ML and I stuck together as I started working, though I did start to be good friends with C++ at the time as well. Things went from okay to worse. I realized ML did not encourage me to be a good code writer, but rather encouraged bad habits. This was okay in grad school, but now that I wasn’t in school anymore and having to share code with others it was kind of hindering my other relationships. And things that should be easy were sometimes very hard to do. And I was noticing more and more that communication between us was… difficult. Something would go wrong and it was often pretty hard to read in between the lines, or even on the lines, to see what was to blame. It was getting pretty strained between us. My relationship with C++, even though it never really impinged on my relationship with ML – they filled two separate functions in my life – showed me even more the flaws with ML.

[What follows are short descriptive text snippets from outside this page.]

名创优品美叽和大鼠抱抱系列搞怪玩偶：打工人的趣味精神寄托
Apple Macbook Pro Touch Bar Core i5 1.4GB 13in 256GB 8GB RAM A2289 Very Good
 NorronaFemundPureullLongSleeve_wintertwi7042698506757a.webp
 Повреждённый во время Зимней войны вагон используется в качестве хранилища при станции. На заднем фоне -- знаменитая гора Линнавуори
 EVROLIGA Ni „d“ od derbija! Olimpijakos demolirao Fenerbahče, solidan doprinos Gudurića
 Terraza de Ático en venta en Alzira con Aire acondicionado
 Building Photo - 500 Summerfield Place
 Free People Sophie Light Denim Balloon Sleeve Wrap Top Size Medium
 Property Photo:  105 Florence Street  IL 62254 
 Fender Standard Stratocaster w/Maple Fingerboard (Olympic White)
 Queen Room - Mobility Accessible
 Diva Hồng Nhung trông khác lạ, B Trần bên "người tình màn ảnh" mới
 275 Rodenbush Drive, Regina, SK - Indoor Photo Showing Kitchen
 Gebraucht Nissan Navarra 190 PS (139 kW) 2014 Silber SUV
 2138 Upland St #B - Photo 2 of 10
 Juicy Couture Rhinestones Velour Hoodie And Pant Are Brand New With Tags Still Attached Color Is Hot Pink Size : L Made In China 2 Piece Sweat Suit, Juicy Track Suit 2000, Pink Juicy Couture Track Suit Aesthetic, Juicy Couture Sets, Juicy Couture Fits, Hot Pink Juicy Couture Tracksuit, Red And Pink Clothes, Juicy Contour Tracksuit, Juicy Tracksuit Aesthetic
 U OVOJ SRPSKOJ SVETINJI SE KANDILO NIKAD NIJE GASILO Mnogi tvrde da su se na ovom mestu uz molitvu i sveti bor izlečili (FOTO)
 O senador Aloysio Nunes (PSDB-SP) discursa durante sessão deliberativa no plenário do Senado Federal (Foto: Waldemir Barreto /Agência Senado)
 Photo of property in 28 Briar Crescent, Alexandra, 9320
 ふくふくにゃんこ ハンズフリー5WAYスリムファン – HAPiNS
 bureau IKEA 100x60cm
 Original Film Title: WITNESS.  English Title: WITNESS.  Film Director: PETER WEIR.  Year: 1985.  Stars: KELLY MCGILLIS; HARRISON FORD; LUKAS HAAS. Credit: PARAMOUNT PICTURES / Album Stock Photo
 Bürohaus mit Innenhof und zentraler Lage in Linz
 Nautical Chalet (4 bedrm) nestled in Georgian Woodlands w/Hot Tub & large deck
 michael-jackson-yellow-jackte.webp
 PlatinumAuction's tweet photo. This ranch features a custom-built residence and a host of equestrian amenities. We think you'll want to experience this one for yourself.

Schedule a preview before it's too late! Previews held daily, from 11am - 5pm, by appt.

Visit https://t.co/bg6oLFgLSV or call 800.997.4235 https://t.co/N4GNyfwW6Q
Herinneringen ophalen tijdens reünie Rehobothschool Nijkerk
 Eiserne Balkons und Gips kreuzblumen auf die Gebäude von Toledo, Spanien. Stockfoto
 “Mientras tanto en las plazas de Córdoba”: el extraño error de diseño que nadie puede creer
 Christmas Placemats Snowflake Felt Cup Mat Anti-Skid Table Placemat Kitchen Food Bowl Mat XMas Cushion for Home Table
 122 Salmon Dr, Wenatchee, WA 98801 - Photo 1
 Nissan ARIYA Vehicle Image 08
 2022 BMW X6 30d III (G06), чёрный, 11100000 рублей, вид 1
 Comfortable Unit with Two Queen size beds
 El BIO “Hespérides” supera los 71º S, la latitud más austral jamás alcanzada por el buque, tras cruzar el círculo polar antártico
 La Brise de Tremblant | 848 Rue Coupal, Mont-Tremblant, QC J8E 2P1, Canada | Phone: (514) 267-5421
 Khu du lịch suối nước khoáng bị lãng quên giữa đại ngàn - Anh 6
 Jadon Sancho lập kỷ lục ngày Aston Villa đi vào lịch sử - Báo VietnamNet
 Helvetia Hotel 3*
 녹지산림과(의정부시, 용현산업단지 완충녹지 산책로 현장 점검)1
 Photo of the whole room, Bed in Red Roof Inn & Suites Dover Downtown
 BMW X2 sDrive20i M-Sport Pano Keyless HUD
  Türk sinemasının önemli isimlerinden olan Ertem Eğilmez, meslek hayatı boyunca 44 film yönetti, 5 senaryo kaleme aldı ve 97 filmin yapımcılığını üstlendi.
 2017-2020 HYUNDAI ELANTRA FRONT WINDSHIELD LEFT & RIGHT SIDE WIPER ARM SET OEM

Friends noticed ML had some major flaws. My best friend [mr. hunter] tried to gently persuade me I should leave ML. He talked about how he knew of others, Perl or Python, that might be better for me. He fixed me up on a date with Perl but it never really worked out between us. I guess it was hard for me to let go of ML and I never got to know Perl well enough.
Finally, another friend – not even a close one – sat me down and read me the riot act. He told me all the reasons why ML sucked, how it was treating me badly, how it was all wrong for me. He all but forced me into a blind date with Python, whom he thought would be a perfect fit.
And… I went on a date with Python. And we totally clicked. And it was awesome. It was such a relief to be with someone who was okay with, who even encouraged for loops! Who was relaxed and low-maintenance, but at the same time not wedded to an annoying style! Who didn’t require you to spend half your time figuring out how to squeeze variables into ill-fitting matrix containers so you could run things in a vectorized way! Things seemed so easy with Python! Oh, sure, we had a little spat about shallow copying vs. aliasing, but once we got that ironed out things were just blissful.
And yet ML and I are still together, even though I’m now infatuated with Python. I just can’t cut the ties totally with ML – I’ve got a project where ML is necessary, you know how it is… its friends are my project managers, and all that… and it is really good at plotting, I’ll give it that. And gosh, it has been ten years… you know, that’s a significant part of my life invested in ML!
What should I do? (Okay, that was tongue in cheek. I couldn’t resist the end of the relationship analogy. What I’ll do is finish up my project with the PM who really wants me to use Matlab and then use Python for the one that I am managing. And… okay… maybe keep Matlab around for plotting things quickly and for two-line quick things.)